## [Material provided]
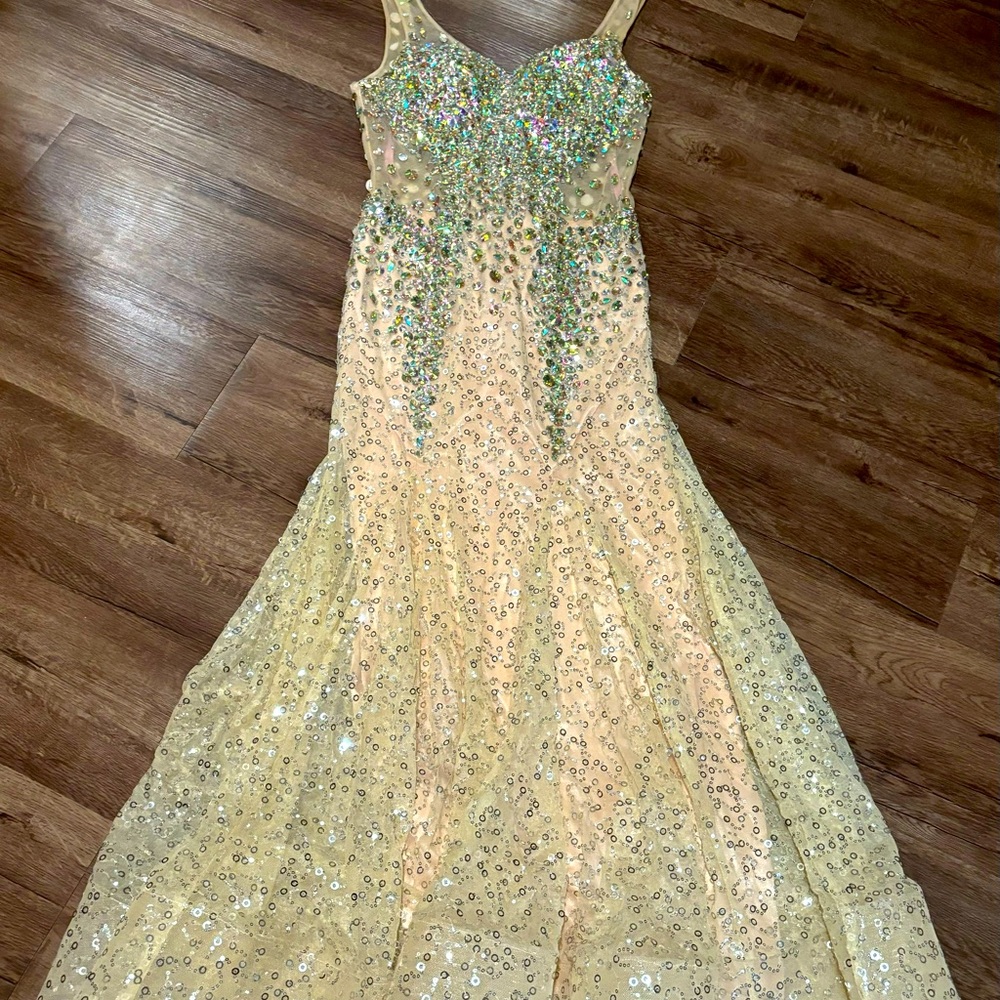 Blush Prom Sequin Mermaid Formal Dress-Size 8 (9925R)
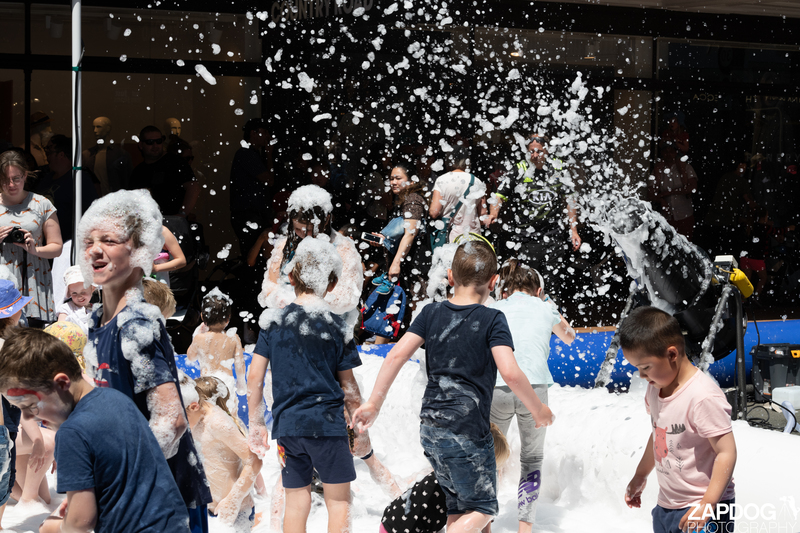 galleries/WellXmas2019/Foam/mid/mid_welly2019_-4723.jpg
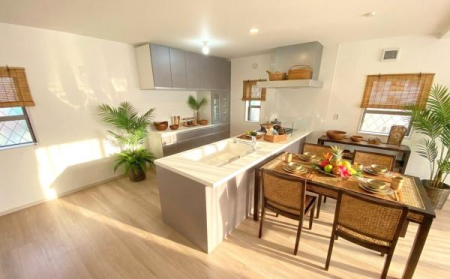 �_�ސ쌧���l�s���J��쐣�J2���ڂ̐V�z��ˌ��ẴL�b�`��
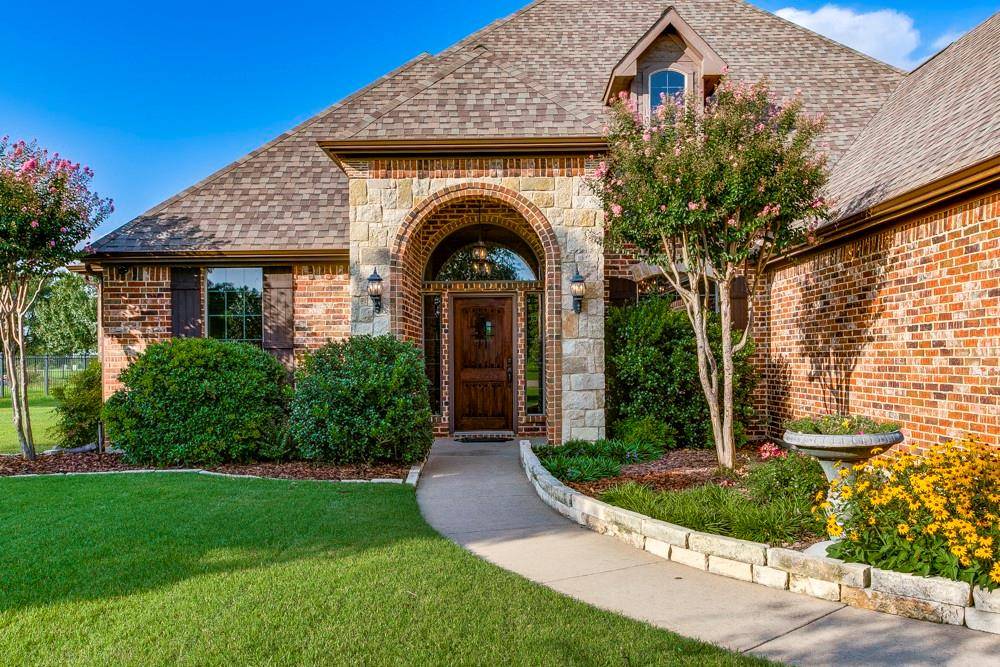 10044 Dennehy Drive, Talty, TX 75126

## [Your assignment]
Your reply must match the data above line for line, except that it holds no pictures.

## [Response to the exercise]
 Blush Prom Sequin Mermaid Formal Dress-Size 8 (9925R)
 galleries/WellXmas2019/Foam/mid/mid_welly2019_-4723.jpg
 �_�ސ쌧���l�s���J��쐣�J2���ڂ̐V�z��ˌ��ẴL�b�`��
 10044 Dennehy Drive, Talty, TX 75126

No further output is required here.